Endpoint-exclusive RECTs and lines are much easier to work with.
For example, the width of a rectangle is
right - left, and its height is
bottom - top. If rectangles were endpoint-inclusive, then there would be annoying +1’s everywhere.
End-point exclusive rectangles also scale properly.
For example, suppose you have two rectangles (0,0)-(100,100) and (100,100)-(200,200). These two rectangles barely touch at the corner. Now suppose you magnify these rectangles by 2, so they are now (0,0)-(200,200) and (200,200)-(400,400). Notice that they still barely touch at the corner. Also the length of each edge doubled from 100 to 200.
Now suppose endpoints were inclusive, so the two rectangles would be (0,0)-(99,99) and (100,100)-(199,199). Now when you double them, you get (0,0)-(198,198) and (200,200)-(398,398). Notice that they no longer touch any more because (199,199) is missing. Note also that the length of the side of the square is now 199 pixels instead of 200.
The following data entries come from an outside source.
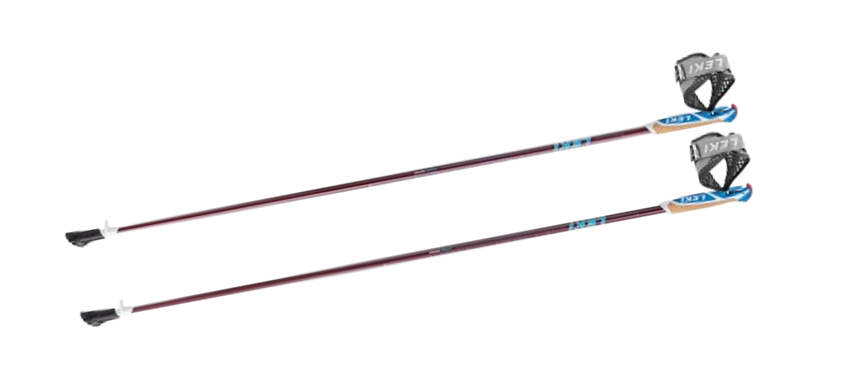 A pair of walking poles on a white background.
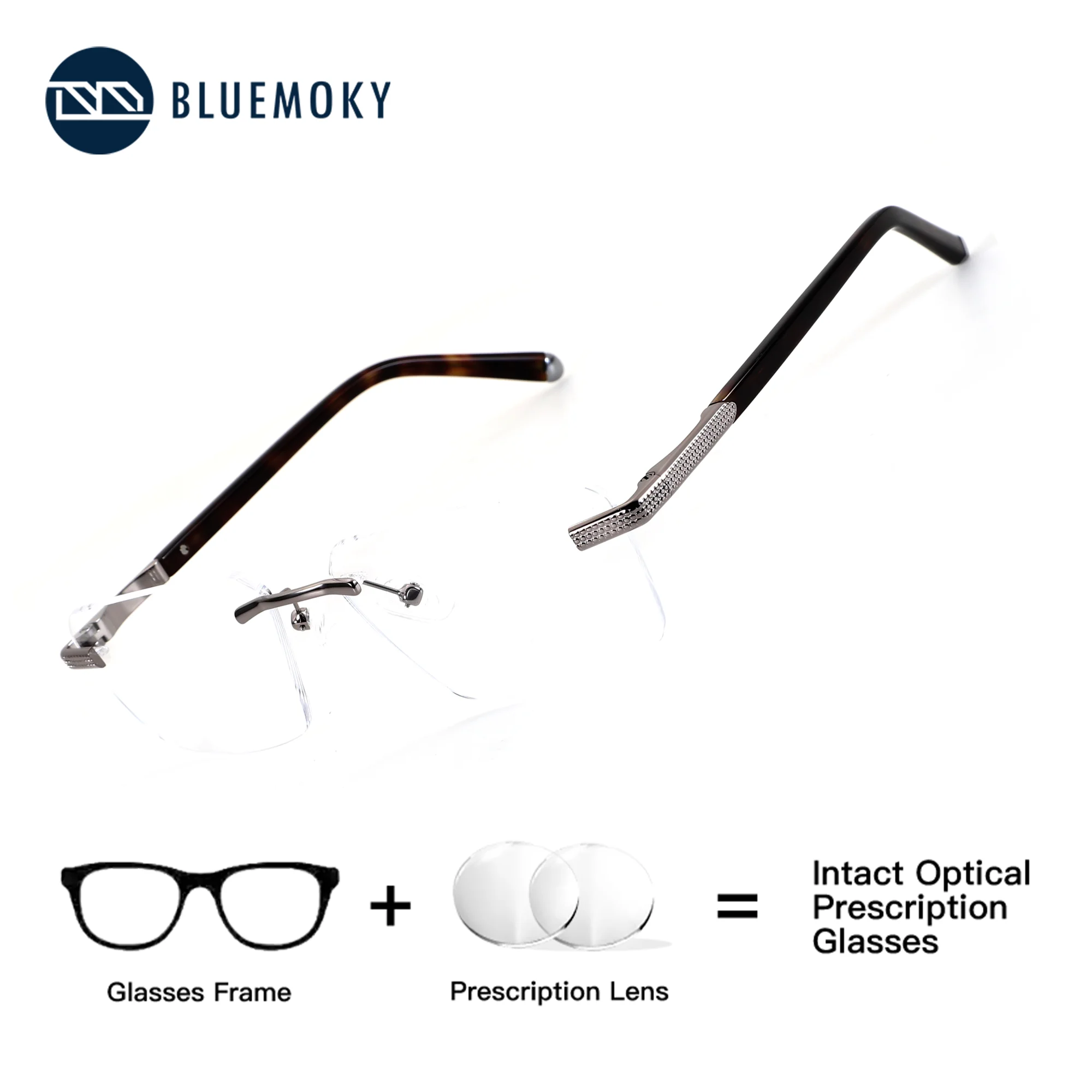 

BLUEMOKY High-Quality Metal Rimless Prescription Eyeglasses Man Rectangle Anti Blue Light Photochromic Custom Optical Glasses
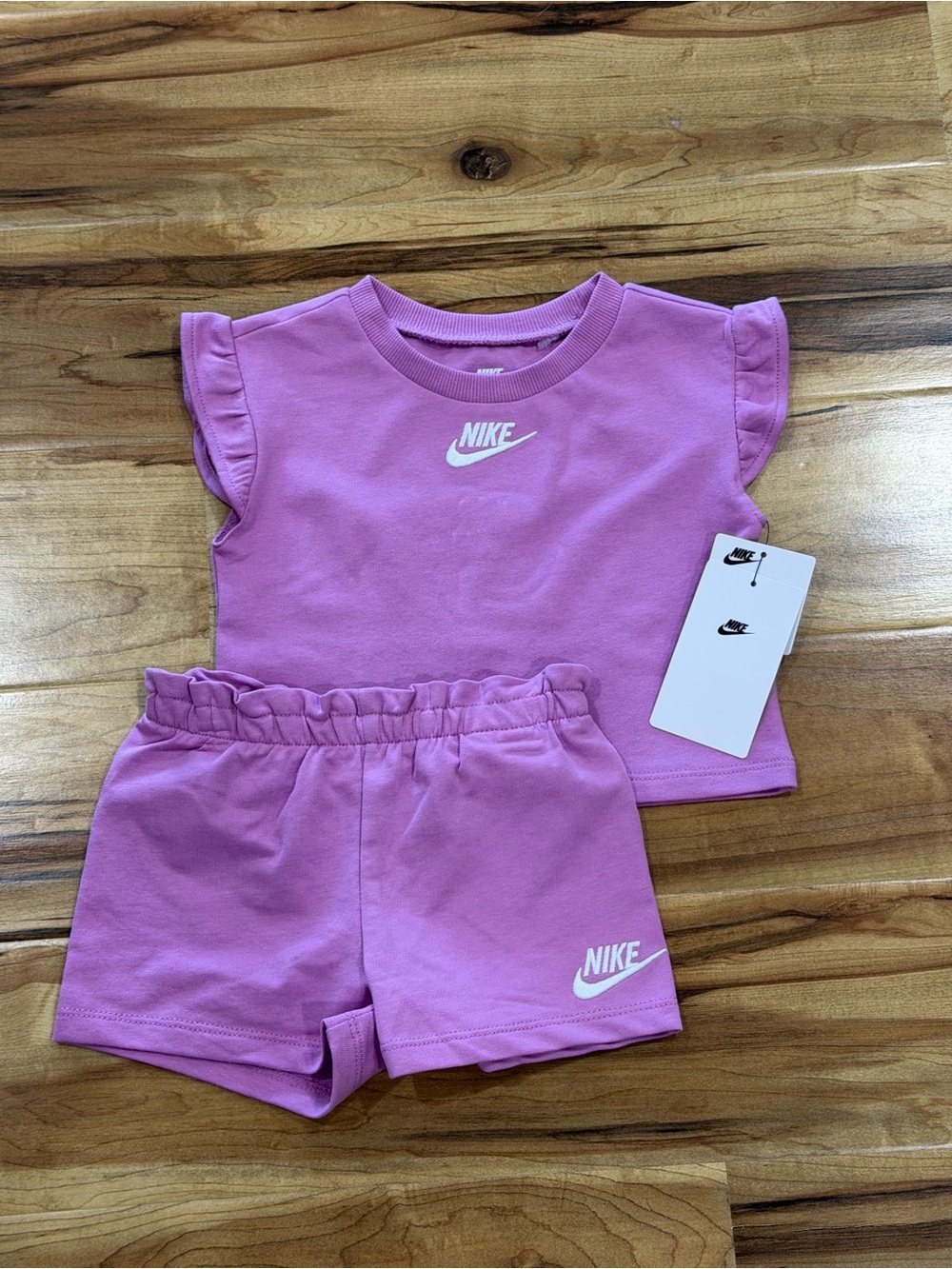 Nike Girls Lavender Pink Ruffle Sleeve Shorts Set
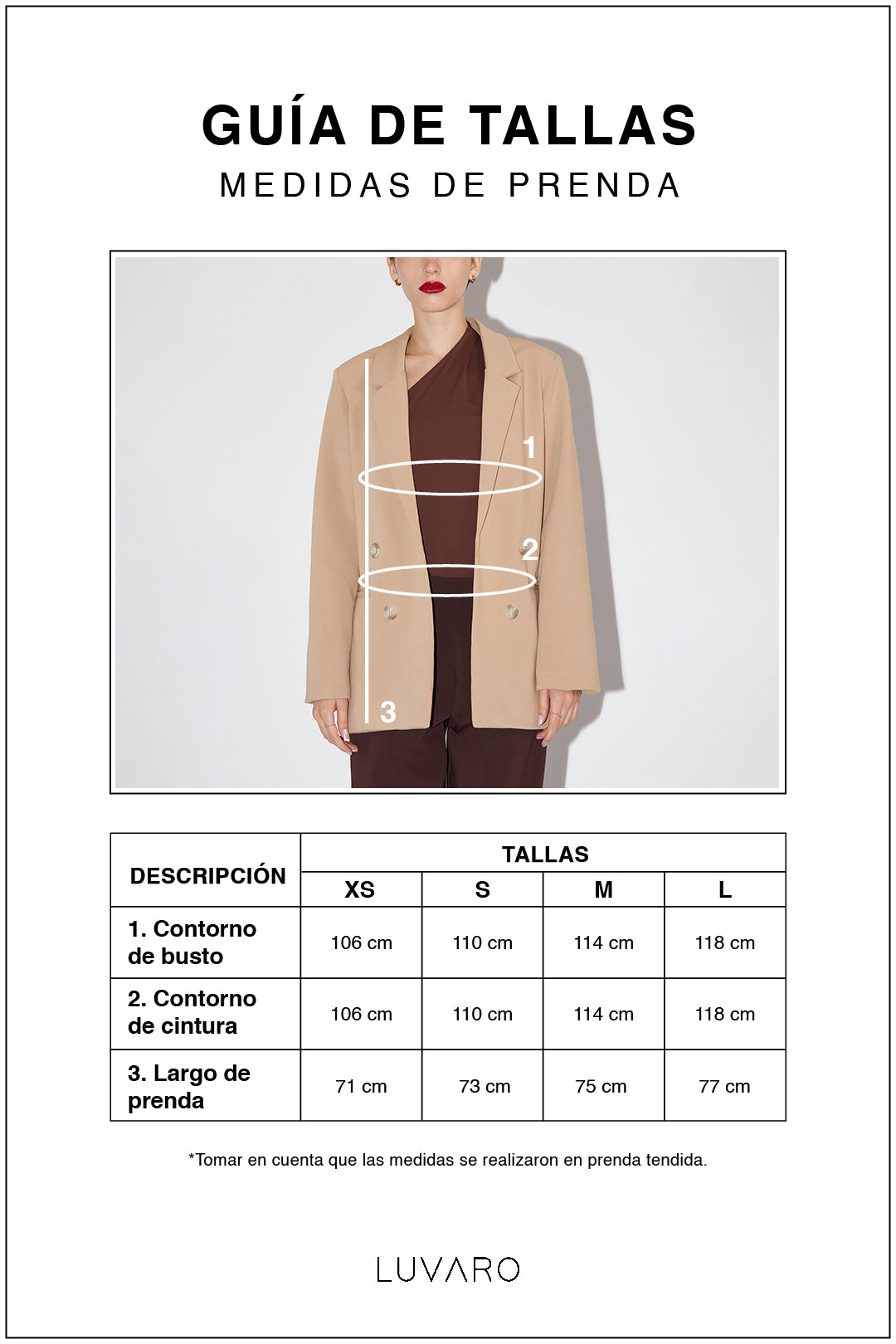 Guía de tallas de Blazer Cruzado Botones - Gris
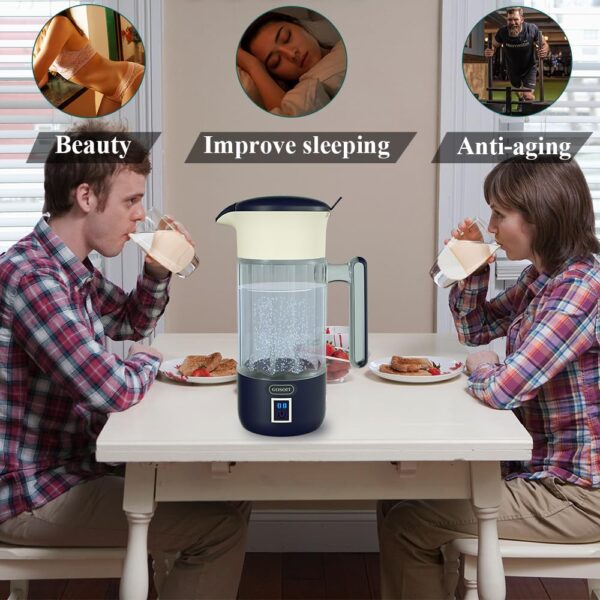 GOSOIT Generatore di Acqua Idrogenata 1500ml – Ionizzatore e Alcalinizzatore con Tecnologia SPE e PEM | Acqua Salutare e Ricaricabile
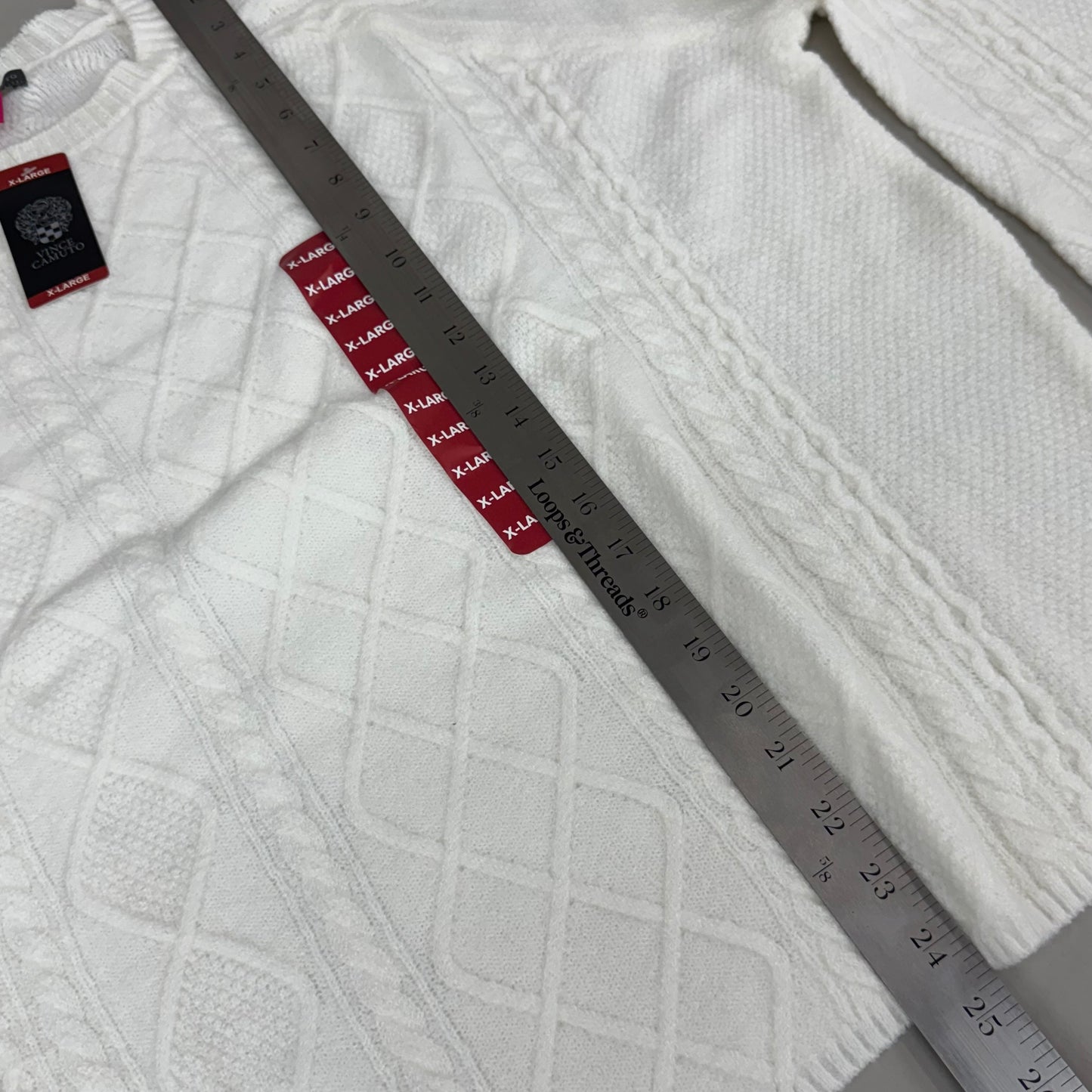 VINCE CAMUTO Cable Knit Sweater Women's Sz-XL Antique White SC2895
Similar problems occur if you need to do subpixel computations.
“But that’s silly — who ever does magnification or subpixel computations?”
Well, magnification is used more than you think. In addition to the obvious things like zooming in/out, it’s also used in printing (since printers are 300dpi but the screen is usually much lower resolution) and in GDI mapping (ScaleWindowExtEx, StretchBlt). And subpixel computations are used in anti-aliasing.
With apologies to Alvy Ray, I think the best way to interpret this is to view pixels as living between coordinates, not at them. For example, here’s a picture of the pixel that lives between (10,10) and (11,11). (In other words, this pixel is the rectangle (10,10)-(11,11).)
With this interpretation, the exclusion of the endpoint becomes much more natural. For example, here’s the rectangle (10,10)-(13,12):
Observe that this rectangle starts at (10,10) and ends at (13,12), just like its coordinates say.